Sebastian of Mars
Page 9
We waited in our cutout for more than an hour, until Quiff was sure they were gone.
During that time, I never enjoyed the odor of rotting fish more.
Sixteen
A day later found us in more hospitable surroundings, within sight of the surface but unable to reach it.
It was a strange feeling, smelling fresh air but not being able to stand on the surface of the planet. We were in such a safe spot that Quiff felt confident enough to build a fire and cook our latest catch, a silvery-white fish, long as an eel, the likes of which I’d never seen. I had become used to this underground world and its mysteries, it’s rivers which appeared and then disappeared, winding out of a cut in a rock wall and into a cut in an opposite wall, or, once, running overhead and unseen. I had expressed my fear to Quiff at that time that the entire ceiling above us might come down in a shower of tons of water at any time, but he had merely laughed.
“Never happened in a milllllion years!” he said.
This latest wonder, a smooth-walled cavern so near the surface that we could see the caves leading out a mere hundred feet above us, but were unable to get to them. The walls were smooth as glass.

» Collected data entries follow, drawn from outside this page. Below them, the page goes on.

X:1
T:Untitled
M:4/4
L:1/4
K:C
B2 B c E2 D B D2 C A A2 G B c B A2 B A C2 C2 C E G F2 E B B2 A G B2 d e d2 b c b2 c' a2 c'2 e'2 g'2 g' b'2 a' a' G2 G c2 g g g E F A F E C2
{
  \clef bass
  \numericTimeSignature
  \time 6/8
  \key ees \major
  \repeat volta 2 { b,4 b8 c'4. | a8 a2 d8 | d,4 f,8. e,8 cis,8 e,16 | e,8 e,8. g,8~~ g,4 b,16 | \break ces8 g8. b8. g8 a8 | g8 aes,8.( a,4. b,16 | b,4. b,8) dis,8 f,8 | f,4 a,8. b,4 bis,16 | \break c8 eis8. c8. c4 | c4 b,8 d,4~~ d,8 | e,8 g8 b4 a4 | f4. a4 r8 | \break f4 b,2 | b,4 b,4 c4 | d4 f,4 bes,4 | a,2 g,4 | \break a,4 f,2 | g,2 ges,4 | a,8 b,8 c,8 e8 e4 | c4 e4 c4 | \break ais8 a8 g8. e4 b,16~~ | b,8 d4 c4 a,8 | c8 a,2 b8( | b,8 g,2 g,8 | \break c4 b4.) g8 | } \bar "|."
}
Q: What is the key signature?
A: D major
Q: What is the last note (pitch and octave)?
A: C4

A waterfall fed by a near-surface aquifer plunged from the mouth of a yawning cave just below the ceiling and spread in a crystalline pool of blue-white at our feet. Quiff proclaimed this some of the best fishing in all of the “downside” areas.
But we had been here nearly three days, lounging and sleeping and fishing and eating, and I was once again growing restless. My strength growing, I had taken to running sprints around the perimeter of the cavern, and swimming in the waterfall’s pool. I was bored and energized. Quiff, on the other hand, seemed completely at ease.
“It won’t be longggg,” he assured me, as he had since we had reached this place.
But he would not tell me what we were waiting for.
“Can’t you give me a hint?”
For the first time since I had met him, his eyes twinkled with amusement.
“It won’t be longgggg.”
I ate my tenth meal of eelfish, and settled down to my tenth restful nap.
When I awoke, my life changed.
The cavern was nearly filled with people. I heard laughter, and smelled something more than fish cooking. It smelled like poultry! And there was singing coming from one side of the cavern, with answering singing ringing from the other.
Was I in a dream?
Or had I awakened into one?
“He’s awake!” someone shouted, a basso voice, and there was instant silence.
I looked for Quiff, but he was nowhere to be seen.
I sat up and rubbed my eyes, then threw my blanket aside and stood up.
“What –?” I began.
The hundreds of faces surrounding me looked down as one, and the hundreds of bodies bowed, as one.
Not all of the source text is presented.